The first time I remember this sort of experience was when I attended mass for the first time. From the first moment of walking in I noticed an utter difference to what was familiar in “going to church”. It was quiet. There was an awe-inspiring austerity and beauty. 

Instead of painted walls and industrial lights in a building that used to be a wellness center there were cinder-block walls, stained glass windows, and great wooden beams to a pointed wooden ceiling for a building built for the worship of God. Instead of a band around a stage with the drums center back was a place for the altar and a crucifix in the center back. Where the drums had been flanked by guitarists and bassist and fiddle off to the left, the crucifix was flanked by statues of the Virgin Mary and Joseph the Carpenter. Off to the left was a tall, small wooden table on which was a round metal case with a cross up top; the cross being the only visible part usually, as it was covered with a cloth. Instead of a long time of singing, a little scripture, and a long sermon, that might also be a long prayer service with lots of singing, was a structured service of prayer and scripture with a short sermon and the focal point obviously being Holy Communion.

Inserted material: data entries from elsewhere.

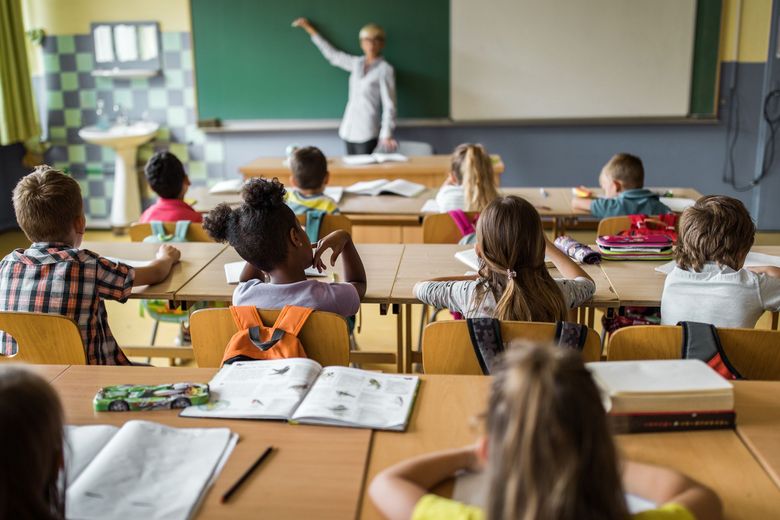 Lehrerin schreibt an Wandtafel.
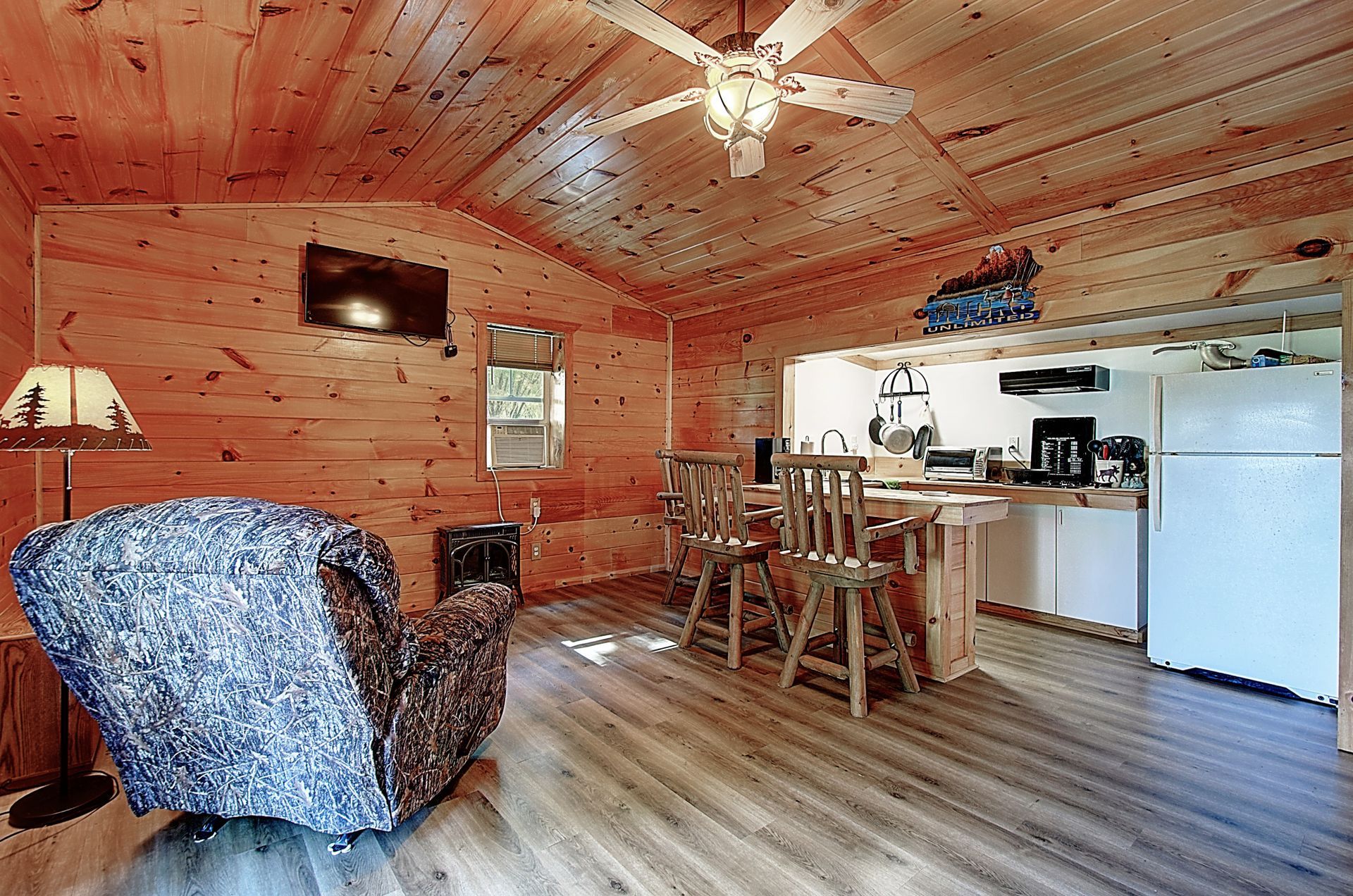 A living room in a log cabin with a chair and a ceiling fan.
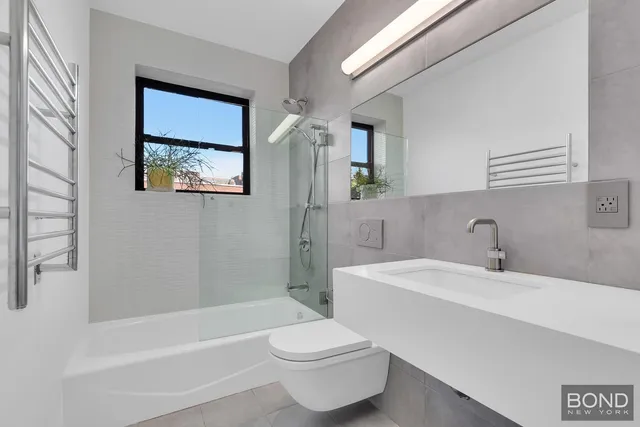 a bathroom with a sink toilet and bathtub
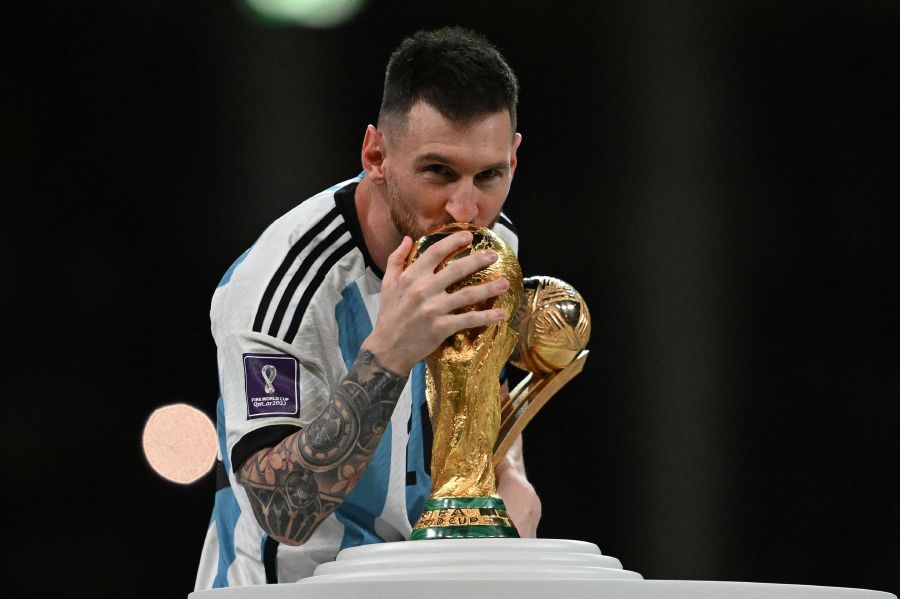 Argentina's captain and forward Lionel Messi kisses the FIFA World Cup Trophy during the trophy ceremony after Argentina won the Qatar 2022 World Cup final football match between Argentina and France at Lusail Stadium in Lusail, north of Doha on December 18, 2022. - AFP PIC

Almost none of the songs were familiar, and yet, when the psalm was being chanted (as it was that first mass), it just fit. That first time, I don’t know that there was any choir or organ, but when I did become aware of it, I noticed that the choir loft was out of sight up and behind the congregation. This instantly made sense to me, to have the choir out of sight. The notes of the organ hovered above us inviting us to join in the song, but the eyes were left free to contemplate our crucified Lord.

I mentioned the quiet. People would talk about church being a house of prayer, I remember being prayed over to receive the Holy Spirit in a prayer meeting. The person praying was obviously trying to effect something, but it felt hollow. A friend of mine spoke in tongues at one such event. It was a common occurrence to hear the babble of tongues whether during “praise & worship” or during a prayer event. In contrast, when I walked into St. Catherine’s for the first time and it was quiet, it was obviously an actual house of prayer.

There was also this sense of questions being answered without words. The praise team up front had been a familiar feature of churches that I attended while growing up, but when I was asked at the previous place about playing my instrument with them, it suddenly seemed very questionable. Why were they up front? Why did they often seem to overshadow the preacher in a way? They might leave when he was preaching, but the instruments would remain in place; the drum kit in the center particularly stood out. The comparison between a concert and “Sunday morning worship” was too apt. So, when we went to St. Catherine’s and the organist and choir were all hidden away, it just seemed so obviously right. Here, the choir was serving as an aid to something higher and more important than themselves. Whether the individuals were personally modest or not is irrelevant, the placement of the choir was modest.

One would have to verbally ask and get a response to know what was the focus of the congregation in the former wellness center. As soon as I walked into St. Catherine’s, the crucifix proclaimed this central mystery of the gospel in one striking image—the incarnation and suffering of God. I would learn the messages of the windows later.

Going to mass was like nothing I had ever experienced, and yet I knew that it was good to be here, that it, in a manner of speaking, felt like home.

I am more accustomed to feeling like a “stranger in a strange land” wherever I am. Even so, when I go to mass, now more than ever, I know that in point of fact I am home; I am am where heaven and earth meet in the sacrifice of Christ. I am in the midst of the communion of saints adoring our Eucharistic Lord.